Transcribe every line of the material below exactly, leaving out the pictures.

<<<<

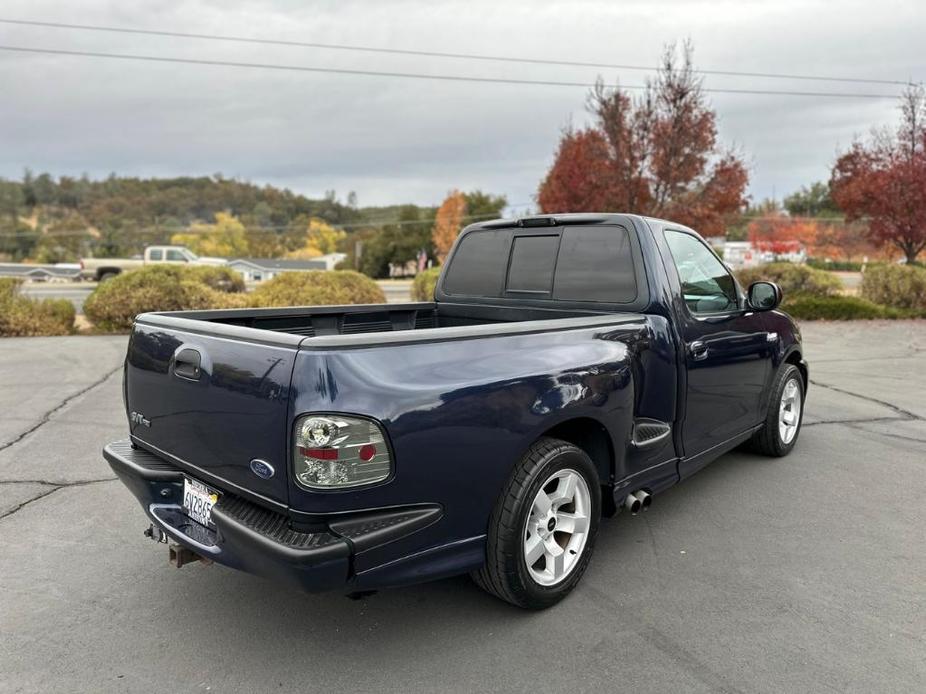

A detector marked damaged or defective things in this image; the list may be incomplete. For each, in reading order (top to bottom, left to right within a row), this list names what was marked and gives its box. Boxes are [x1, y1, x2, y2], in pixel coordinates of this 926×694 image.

crack in pavement [0, 364, 124, 456]
crack in pavement [0, 478, 118, 520]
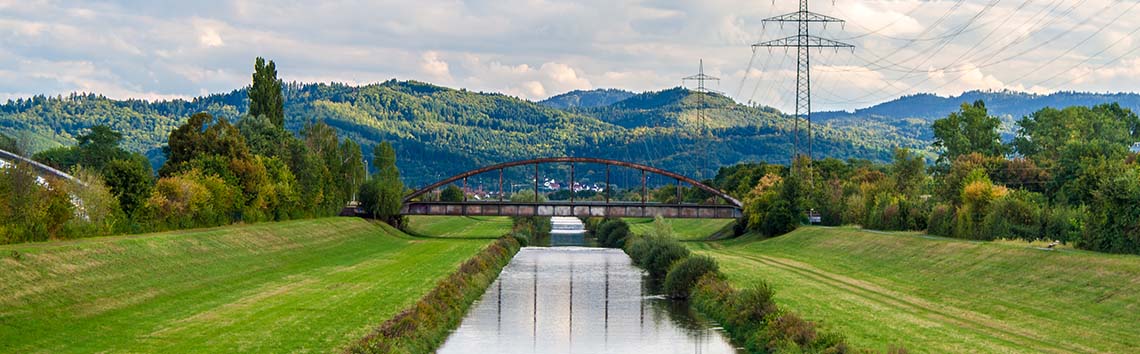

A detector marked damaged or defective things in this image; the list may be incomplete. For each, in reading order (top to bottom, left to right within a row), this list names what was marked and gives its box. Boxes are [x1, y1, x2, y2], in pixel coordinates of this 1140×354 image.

rusty arched bridge [404, 157, 740, 218]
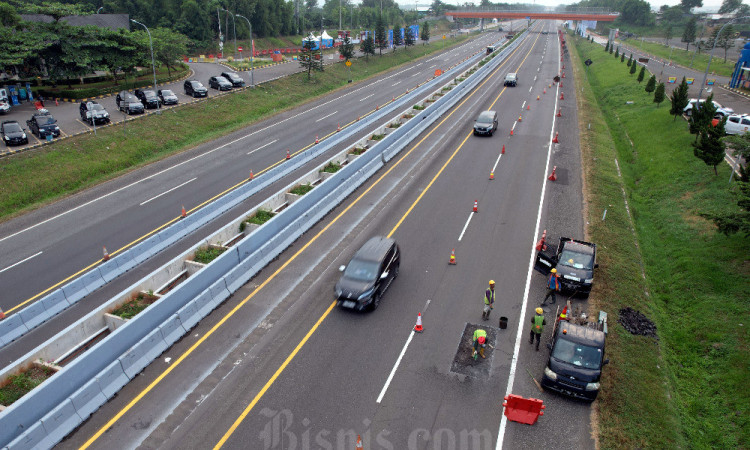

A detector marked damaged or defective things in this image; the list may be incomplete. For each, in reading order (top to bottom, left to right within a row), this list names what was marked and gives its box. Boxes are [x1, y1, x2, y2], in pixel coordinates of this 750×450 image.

black asphalt patch [452, 322, 500, 378]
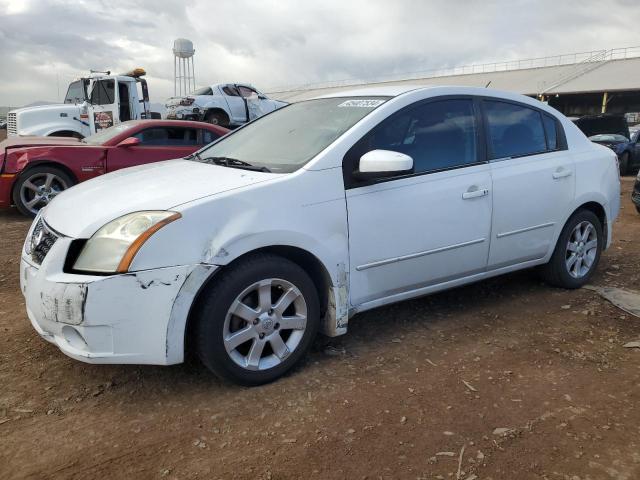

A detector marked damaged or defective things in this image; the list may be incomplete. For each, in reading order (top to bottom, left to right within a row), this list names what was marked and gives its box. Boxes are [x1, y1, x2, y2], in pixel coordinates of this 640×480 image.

damaged front bumper [20, 235, 215, 364]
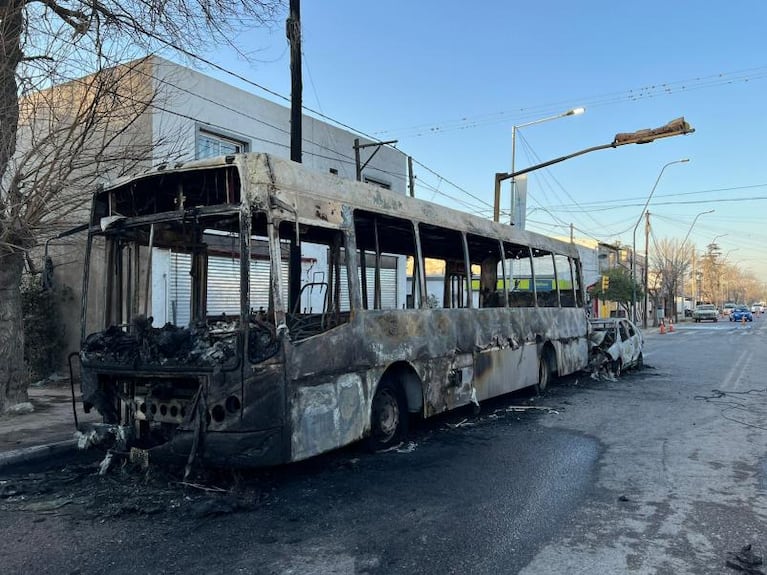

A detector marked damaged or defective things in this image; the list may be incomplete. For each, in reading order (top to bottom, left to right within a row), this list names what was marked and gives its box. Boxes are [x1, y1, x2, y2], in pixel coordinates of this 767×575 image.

>>>>

→ **OUTPUT**
A detector marked damaged or defective things in this image; the list may be incomplete. For each, in reading order (top to bottom, left to right within a row), this list names what was marked and gives its box. Boxes are [x1, y1, x2, y2], in pixel coordinates of this 926×694 image.

crack in pavement [0, 364, 124, 456]
crack in pavement [0, 478, 118, 520]

A detector marked damaged or defective things in this image; the list may be incomplete. For each, in reading order (top to bottom, left to right within a row), this list names what was marked and gives its box. Boxes are [x1, y1, x2, y2], in pixel coordinates of this 1140×354 image.

rusty arched bridge [404, 157, 740, 218]

A detector marked damaged or defective things in this image; the list may be incomplete. For each, in reading order (top to bottom, left to right within a row), this list names what was marked and gives its box. Boxes are [x1, y1, x2, y2], in pixel coordinates of this 750×450 image.

black asphalt patch [452, 322, 500, 378]

A detector marked damaged or defective things in this image; the list may be incomplete. For each, in reading order (top to bottom, left to right within a row), this list names what was marked and gives its box. Boxes are [x1, y1, x2, y2], in pixel coordinates of this 640×480 image.

damaged front bumper [20, 235, 215, 364]

A detector marked damaged or defective things in this image; the list may be incomplete. For each, in reading order (top to bottom, left to right within a row), this list names what was marked and gives its box. Boxes are [x1, y1, x2, y2], in pixel coordinates of this 767×575 image.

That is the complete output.